A paper on the technology is newly published online in Nature Physics.
A microfluidic device, or lab-on-a-chip, integrates multiple laboratory functions onto one chip just centimeters in size. The devices allow researchers to experiment on tiny sample sizes, and also to simultaneously perform multiple experiments on the same material. They can be engineered to mimic the human body more closely than the Petri dish does. They could lead to instant home tests for illnesses, food contaminants and toxic gases, among other advances.

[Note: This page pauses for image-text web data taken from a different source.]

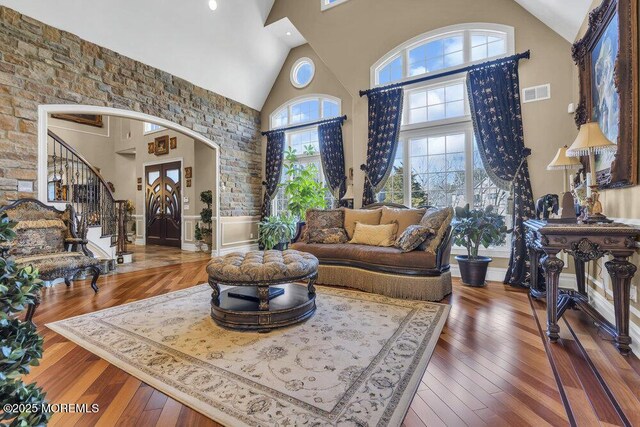 living room with hardwood / wood-style floors, arched walkways, visible vents, and high vaulted ceiling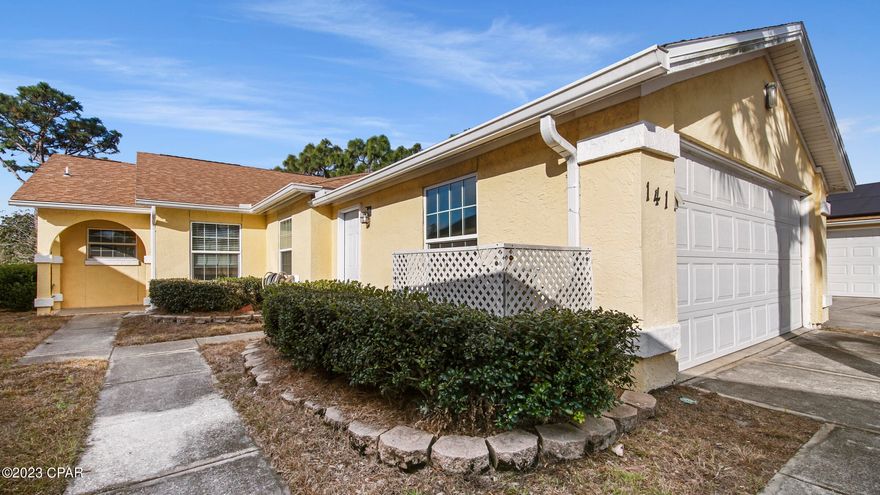 Charming 3 Bdrm/2 Bth home less than a mile to Public Beach Access #39 on the GULF! Located on a Cul-de-sac in the highly desired ''The Glades'' neighborhood. Minutes to all attractions, shopping and more, this home has the perfect location! Inside you will find a split floorplan with a tile entry way opening up to a spacious living room with a Cathedral Ceiling and LVP flooring; kitchen equipped with stone backsplash and tile flooring, granite countertops, pantry and a stainless steel fridge. The Master bdrm & en suite features new LVP flooring,  cathedral ceiling, his & hers closets, tile shower, Jacuzzi tub, and skylight. A large laundry room w/ sink, 2 car garage with built in cabinets. Screened in tiled back patio, over looking a fenced yard. Measurements approx; verify if important.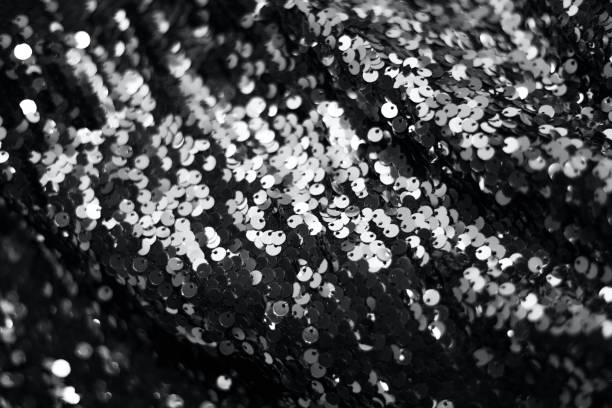 istock Festive background of trendy gray sequins. Silver universal shining background. 1290809029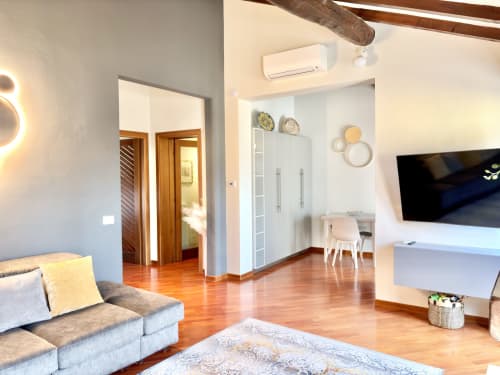 Soggiorno moderno a Parma con divano grigio, TV, pavimenti in legno, armadio bianco e piatti decorativi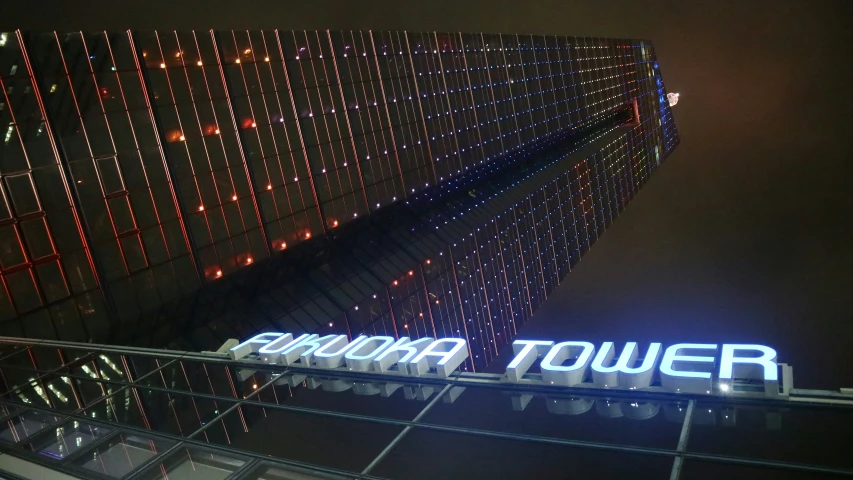 a building is decorated in lights with a neon sign on the side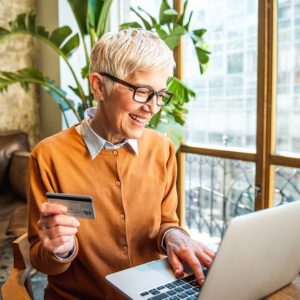 senior uses credit card to make online purchase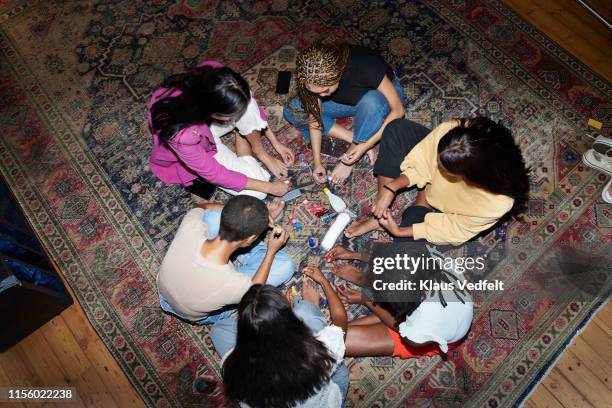 friends painting nails at slumber party - black painted toes stock pictures, royalty-free photos & images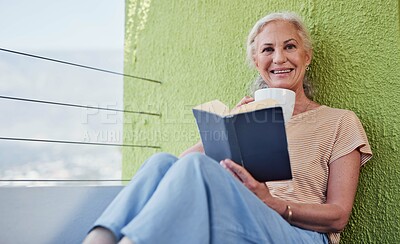 Buy stock photo Senior woman, portrait and book in retirement for relax, learning and wellness in morning on weekend. Elderly person, coffee and reading on balcony of home for peace, storytelling and hobby with cup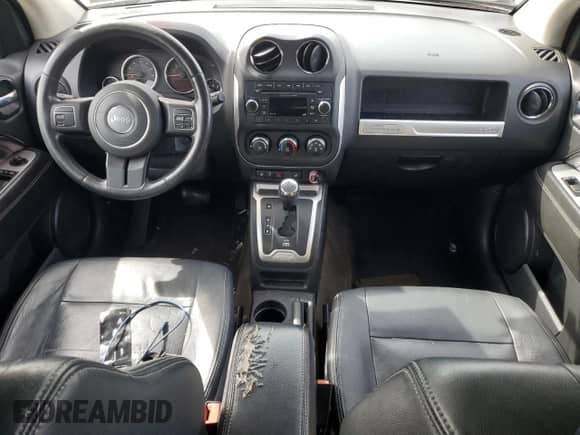 2014 Jeep Compass Latitude with VIN 1C4NJCEB1ED522330, listed as a Copart auction lot 84630415 with 150,480 mi miles and Salvage title. Bid and sale history available at DreamBid. Image 8.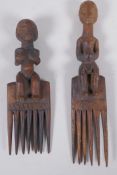 A pair of African Luba tribe combs with carved figural handles, largest 27cm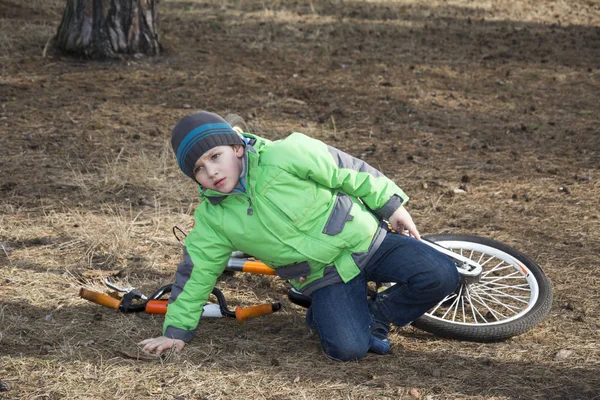 Primavera na floresta menino caiu de sua bicicleta . — Fotografia de Stock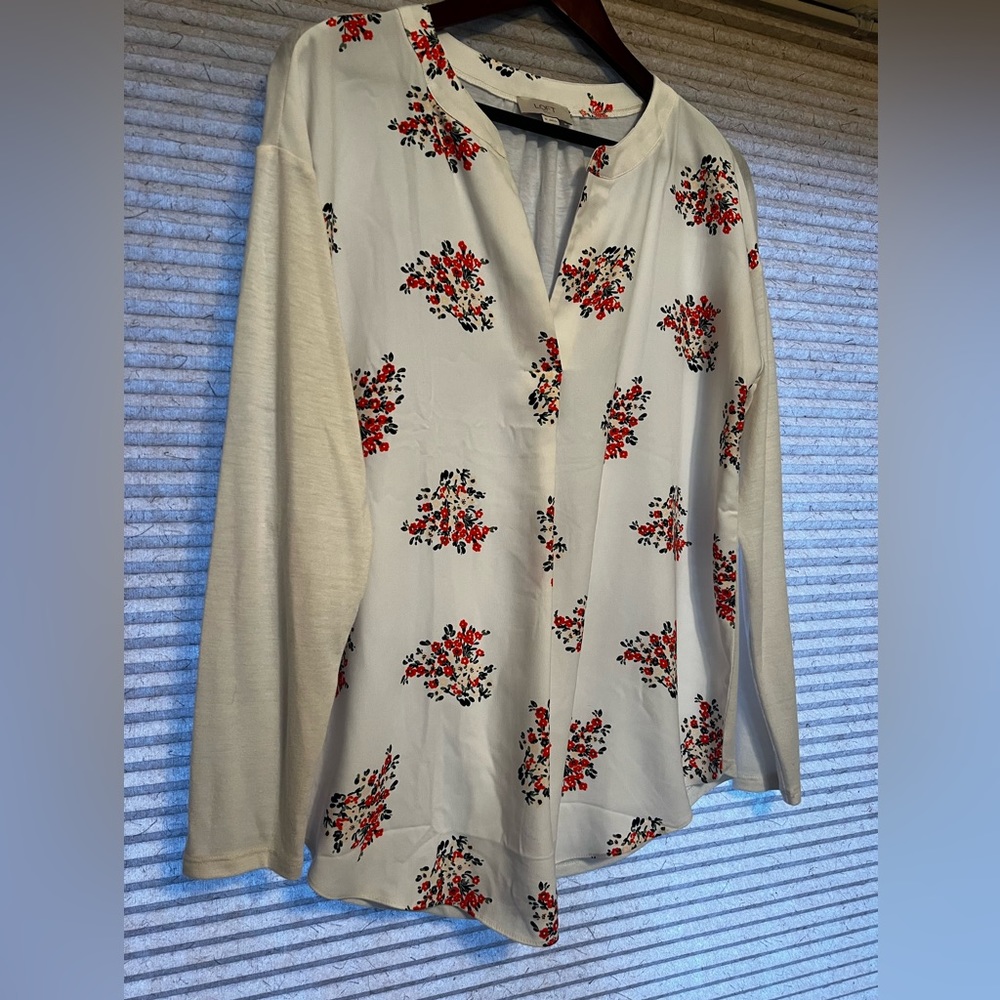 Ann Taylor Loft top with flowered front and plain back and sleeves.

“In most microfluidic devices today, there are essentially little fingers or pressure forces that open and close each individual valve to route fluid through the device during experiments. That is, there is an extra layer of control machinery that is required to manipulate the current in the fluidic circuit,” said Shu Takayama, the principal investigator on the project. Takayama is an associate professor in the U-M Department of Biomedical Engineering.
That’s similar to how electronic circuits were manipulated a century ago. Then, with the development of the integrated circuit, the “thinking” became embedded in the chip itself—a technological breakthrough that enabled personal computers, Takayama said.

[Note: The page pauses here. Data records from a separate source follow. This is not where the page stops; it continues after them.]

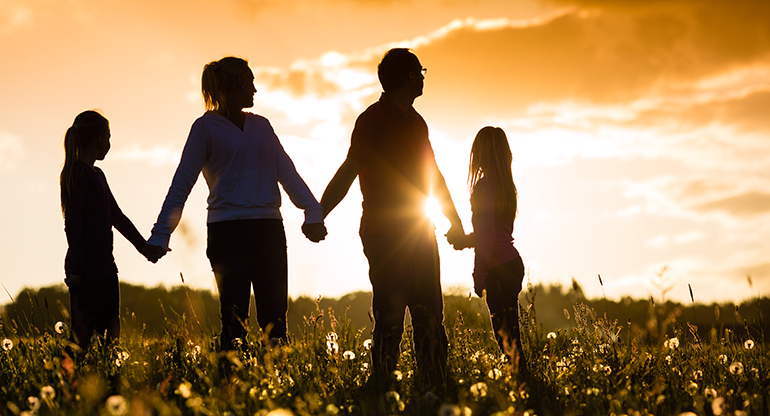 En familj som håller varandra i händerna i solnedgången. Foto.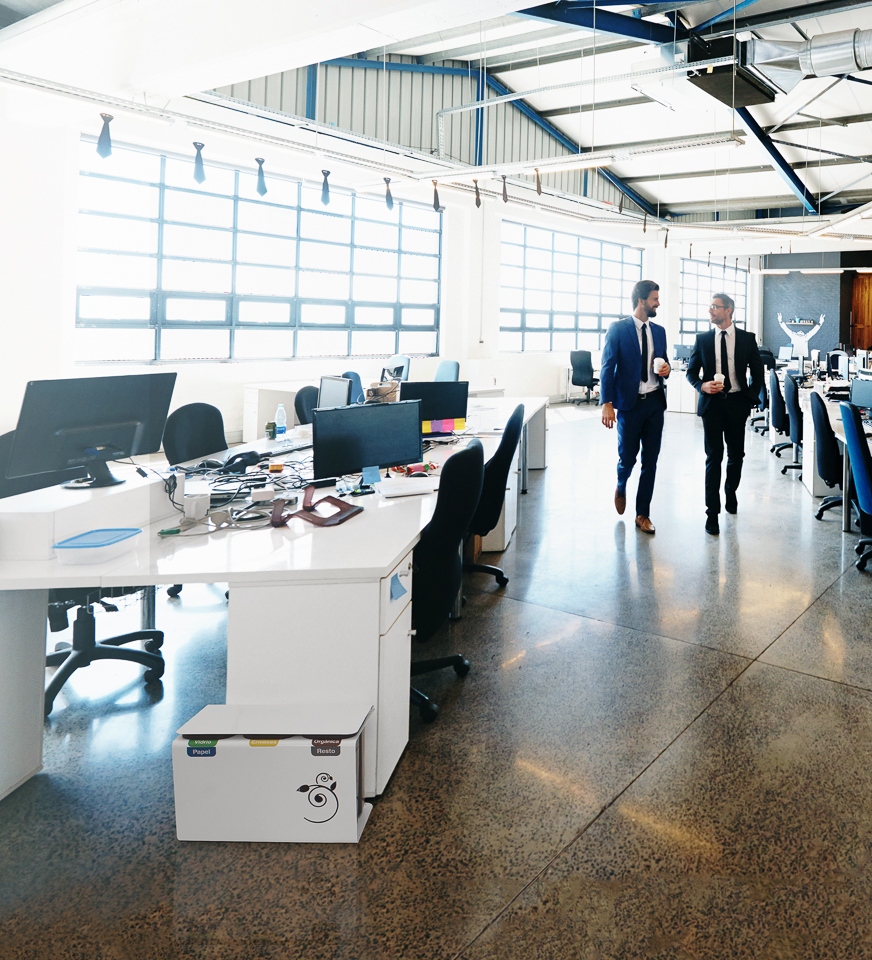 Deux hommes en costume traversent un bureau moderne, inondé de soleil et doté d'espaces de travail ouverts.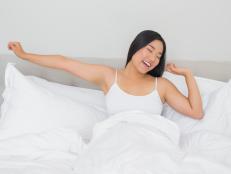 Smiling woman lying in bed stretching in the morning at home in bedroom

“We have literally made a microfluidic integrated circuit,” said Bobak Mosadegh, a doctoral student in Takayama’s lab who is first author of the paper.
The external controls that power today’s microfluidic devices can be cumbersome. Each valve on a chip (and there could be dozens of them) requires its own electromechanical push from an off-chip actuator or pump. This has made it difficult to shrink microfluidic systems to palm- or fingertip-sized diagnostic devices.

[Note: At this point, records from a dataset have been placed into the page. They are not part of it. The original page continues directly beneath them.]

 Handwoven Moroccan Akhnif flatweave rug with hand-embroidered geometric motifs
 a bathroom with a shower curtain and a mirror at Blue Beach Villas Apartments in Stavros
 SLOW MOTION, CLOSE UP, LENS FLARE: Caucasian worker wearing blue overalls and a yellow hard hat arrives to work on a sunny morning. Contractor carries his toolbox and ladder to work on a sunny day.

The Takayama lab’s innovation is a step in this direction. His research group has devised a strategy to produce the fluidic counterparts of key electrical components including transistors, diodes, resistors and capacitors, and to efficiently network these components to automatically regulate fluid flow within the device.
These components are made using conventional techniques, so they are compatible with all other microfluidic components such as mixers, filters and cell culture chambers, the researchers say.
“We’ve made a versatile control system,” Mosadegh said. “We envision that this technology will become a platform for researchers and companies in the microfluidics field to develop sophisticated self-controlled microfluidic devices that automatically process biofluids such as blood and pharmaceuticals for diagnostics or other applications.
“Just as the integrated circuit brought the digital information processing power of computers to the people, we envision our microfluidic analog will be able to do the same for cellular and biochemical information.”
The paper is titled “Integrated Elastomeric Components for Autonomous Regulation of Sequential and Oscillatory Flow Switching in Microfluidic Devices.” This research is funded by the National Institutes of Health, the U.S. Department of Education and the National Institute for Dental and Craniofacial Research. Also contributing were researchers from the U-M departments of Biomedical Engineering and Mechanical Engineering as well as the Macromolecular Science and Engineering Center.
The university is pursuing patent protection for the intellectual property, and is seeking commercialization partners to help bring the technology to market.